Hochwasser im Juli 2021
Die Hobbyhistoriker sind bei ihren Recherchen unter anderem auf ein Jahrhunderthochwasser im Jahr 1961 gestoßen. Unter anderem die Bergstraße soll sich dabei in einen reißenden Fluss verwandelt haben. Das weckt Erinnerungen an die jüngere Vergangenheit – 60 Jahre später.
Im Juli 2021 führte ein Dauerregen zu erheblichen Überschwemmungen. Der Massener Bach wurde zu einem Strom und trat an vielen Stellen über seine Ufer. Seitdem wird der Hochwasserschutz in Massen eingehend thematisiert. Mittlerweile laufen die Planungen für eine Regenrückhaltung auf Hochtouren. Bis die Anlagen gebaut werden, dauert es offenbar noch einige Jahre.
300 Schweine gerettet
Das Hochwasser im Jahr 1961 war bei weitem nicht die einzige Überschwemmung, auf die die Mitglieder des Geschichtsforums bei ihren Recherchen gestoßen sind. Im Juni 1968 hat demnach ein starkes Unwetter Unna heimgesucht. „Brennpunkt war Massen“, sagt Hartmut Hegeler.
Aus Zeitungsberichten dieser Zeit geht hervor, dass es unter anderem in einer alten Strumpffabrik im Bereich der Bismarckstraße/Große Wiese schwere Schäden gab. „Das Wasser konnte zunächst nicht abfließen, da der einzige Brückendurchlass zu eng war. In zahlreichen Wohnungen stand das Wasser 25 Zentimeter hoch“, heißt es dort.

Aus einem Stall mussten von der Feuerwehr 300 Schweine gerettet werden. Bürgermeister Erich Göpfert erklärte im Nachgang der Überschwemmungen, dass die Brückendurchlässe in Massen nicht ausreichten und etwas unternommen werden müsse.
Auch in den Jahren 1962 und 1963 soll es bereits anhaltende Regenfälle gegeben haben, bei denen der Bach über seine Ufer trat. 2021 gab es schließlich eine weitere schwerwiegende Überflutung, etliche Keller und Garagen liefen voll.

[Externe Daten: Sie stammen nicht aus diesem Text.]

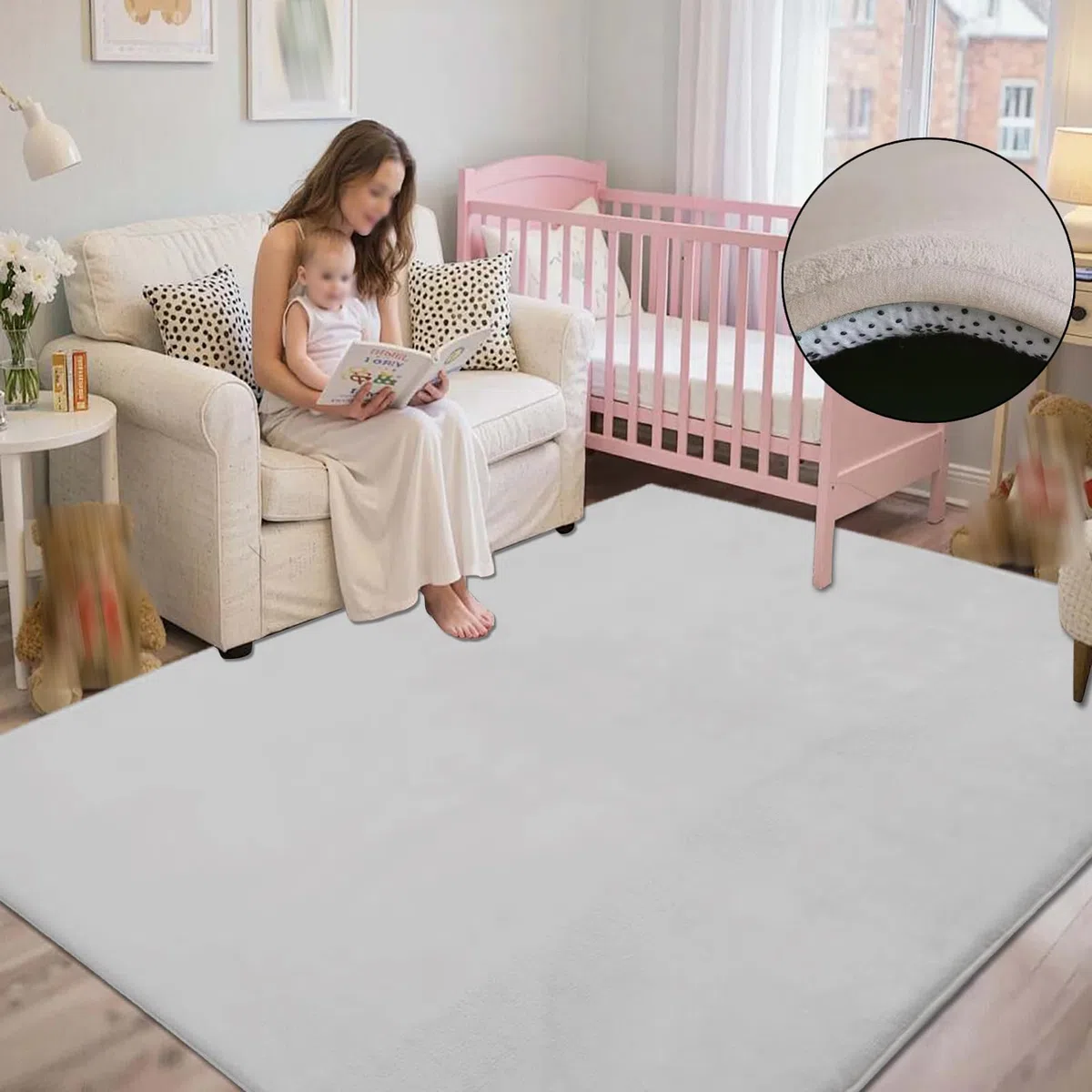 2cm Dicke Krabbelmatte Baby Spielteppich Rutschfester Tatami Matte 160 x 160 cm Extra dick und Spielmatt, Silbergrau Teppich für Wohn und Kinderzimmer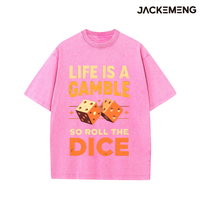 T-shirt en coton oversize délavé avec imprimé dés 'Life Is a Gamble', style streetwear rétro, décontracté pour le quotidien, vente en gros depuis l'entrepôt américain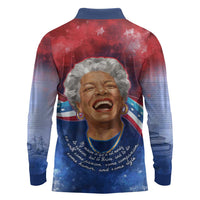 Maya Angelou Long Sleeve Polo Shirt Inspirational Life Mission Quote Celebration of Joy Passion and Compassion - Wonder Print Shop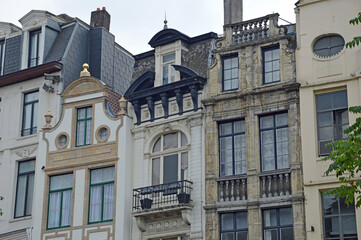 close up of historic buildings in Brussels  - 540351163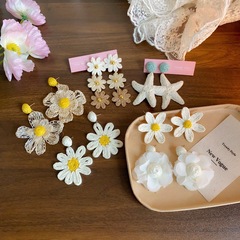 手作りの花のイヤリングの女性の高級感はリゾート風の大衆のデザイン感のピアス2025の新型のイヤリングを旅行します。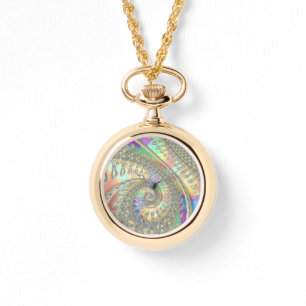 Shiny Colorful Spiral Fractal Digital Abstract Art Watch
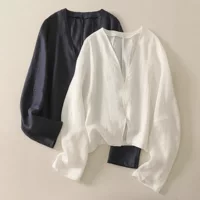 Белая короткая верхняя одежда Ramie с v-образным вырезом, женская летняя верхняя шаль, кардиган, повседневная тонкая солнцезащитная рубашка с длинными рукавами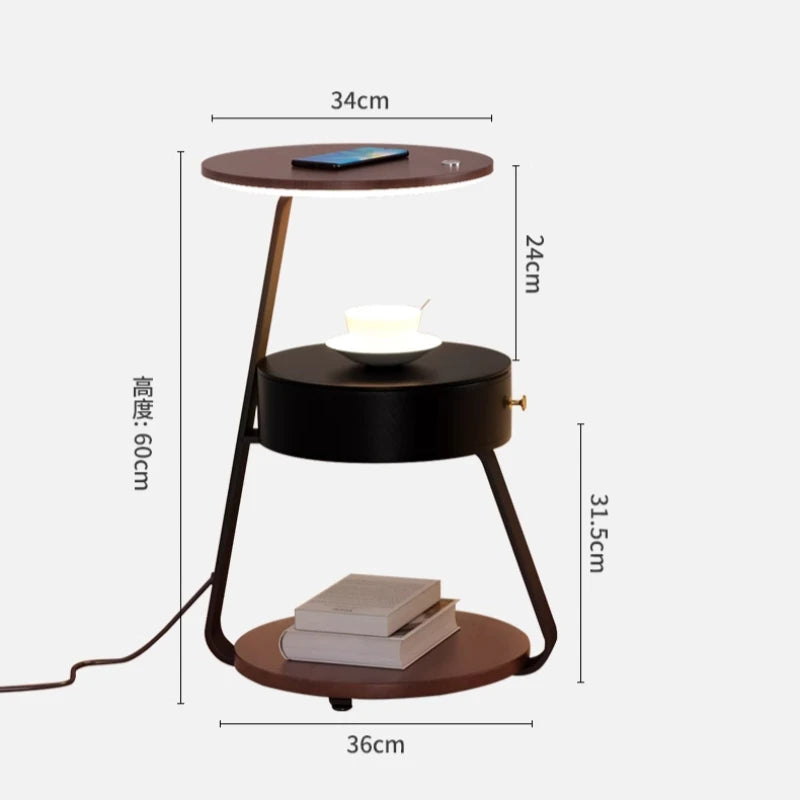 Bedroom Minimalist Nightstands Small Space Round  Table With Wireless Charger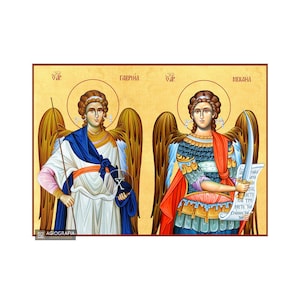 22 karats Archangels Michael and Gabriel Orthodox icon | GOLD LEAF 22k - Wood - Handcrafted Icon - Free Shipping & Gift Case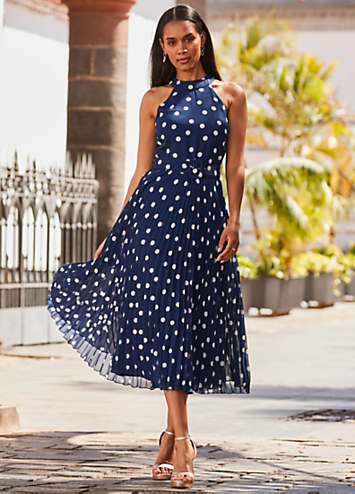 Sosandar Spot Print Pleated Halter Neck Dress Freemans
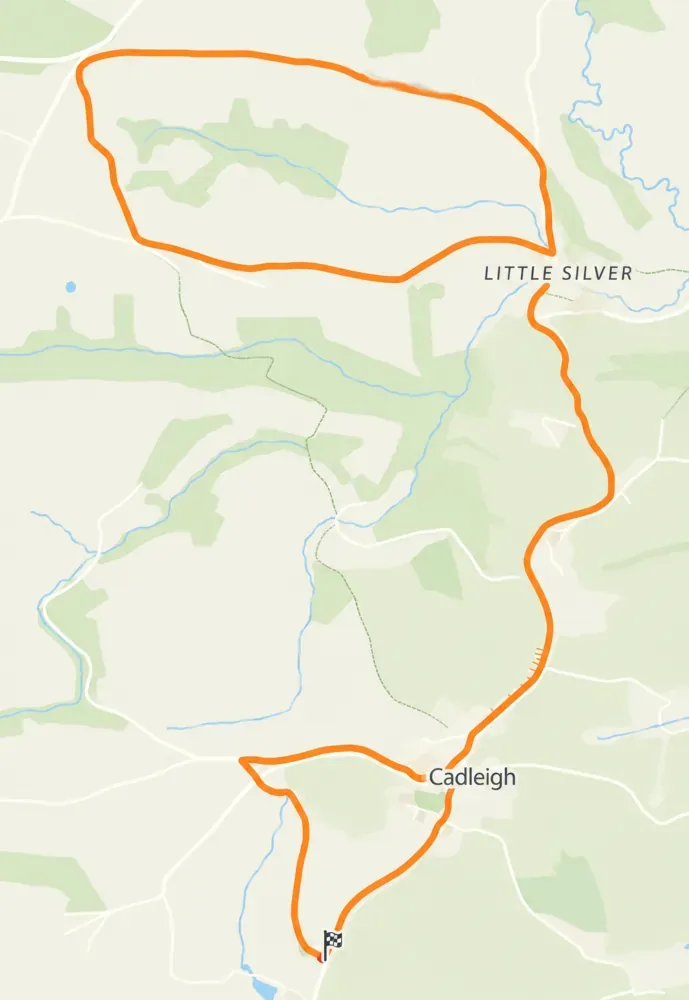 Rough route map of the Cadeleigh and Little Silver walk in Mid Devon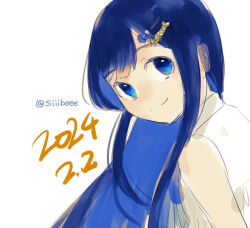 Rule 34 | 1girl, blue eyes, blue hair, cevio, closed mouth, collared dress, colored inner hair, dated, dress, futaba minato, hair ornament, hairclip, long hair, looking at viewer, multicolored hair, shiibe (siiibeee), sidelocks, simple background, sketch, sleeveless, sleeveless dress, smile, solo, twitter username, white background, white dress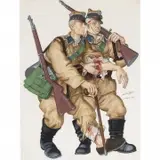 Arthur Szyk, Wounded Soldiers WWII, 1939, watercolor and gouache on paper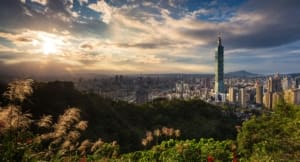 Skiyline view of Taipei cityscape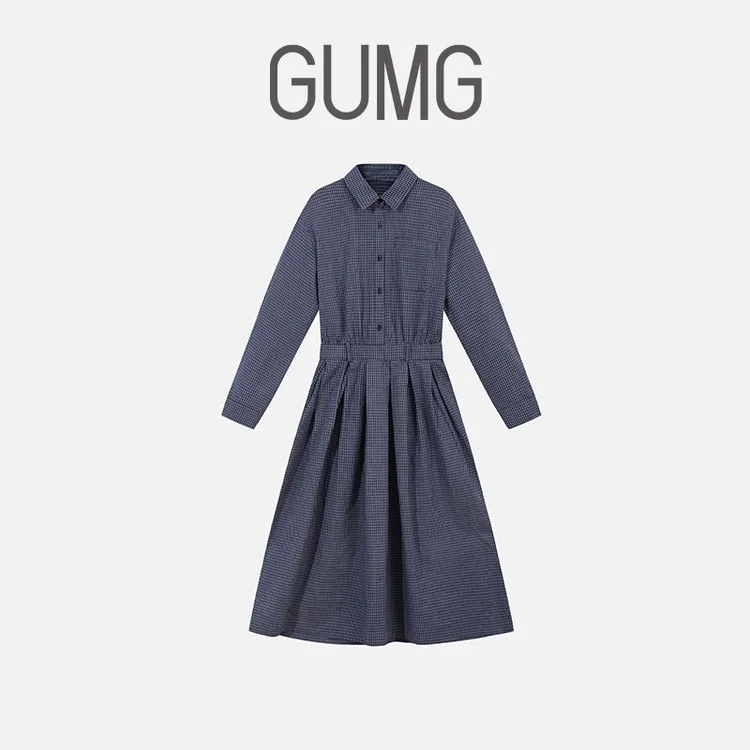 GUMG-法系温柔感文艺格子连衣裙GM20022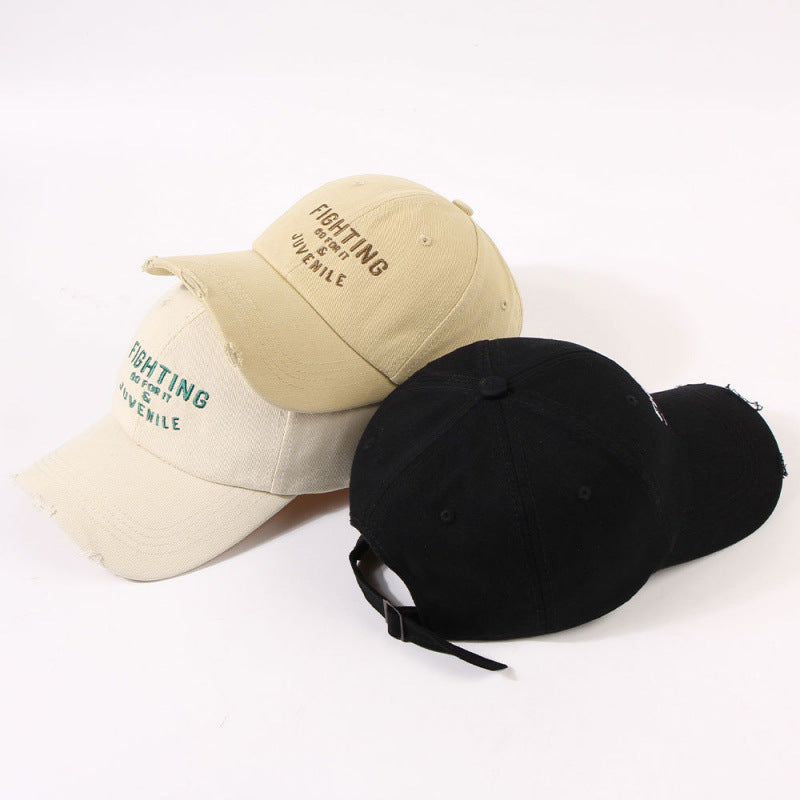 Women's Distressed Cotton Cap with Motivational Embroidery Bowlift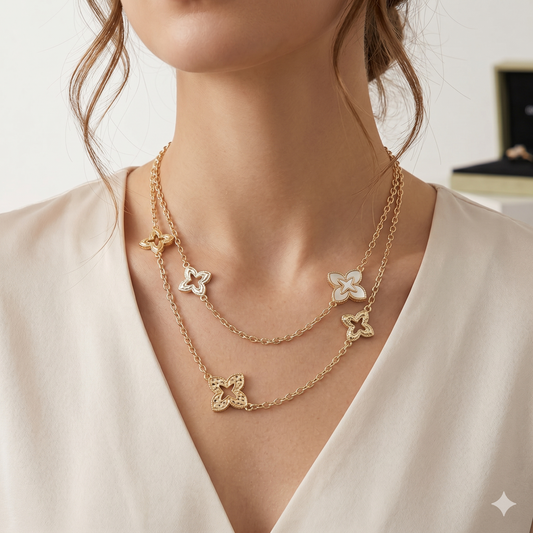 Gold Dipped Floral Station Layered Necklace 36 Inch Long Chain Necklace Feminine Flower Link Jewelry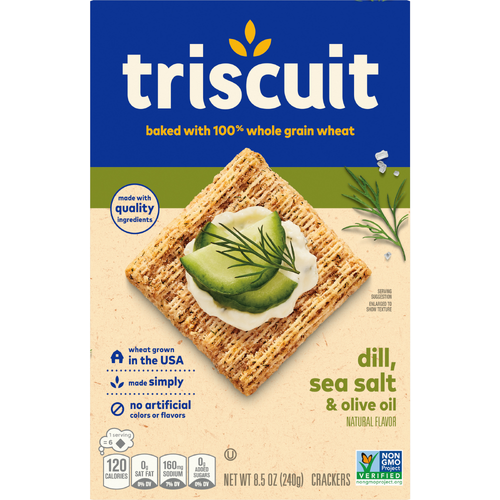 TRISCUIT Dill, Sea Salt, Olive Oil Salt & Whole Grain Wheat Crackers, Lunch Snacks, Snack - 8.5 Ounce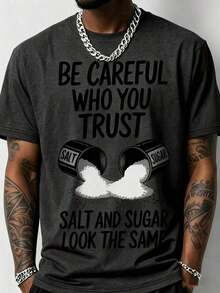 Camiseta Deportiva Divertida para Hombre con Estampado de "Salt And Sugar Trust" - Algodón Pesado de 200g, Corte Holgado, Transpirable, Manga Corta, Cuello Redondo, Estilo Casual y Deportivo, Ideal para el Verano - Ropa Deportiva con Diseño de Salero, Adecuada para Amantes de la Sal (Lavable a Máquina) FRUC - Negro - Ver 5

Hochwasserrückhaltung für Massen
Nach Jahren der Planung will die Stadt Unna die Hochwasserproblematik eindämmen. Derzeit werden verschiedene Ausführungen für eine effektive Hochwasserrückhaltung geprüft. Es sollen wohl mehrere kleine Becken entlang des Bachlaufs zwischen Billmerich und Massen gebaut werden.
Hinweis der Redaktion: Dieser zuerst am 19. Oktober 2024 veröffentlichte Artikel ist im Rahmen des Jahresrückblicks 2024 erneut erschienen.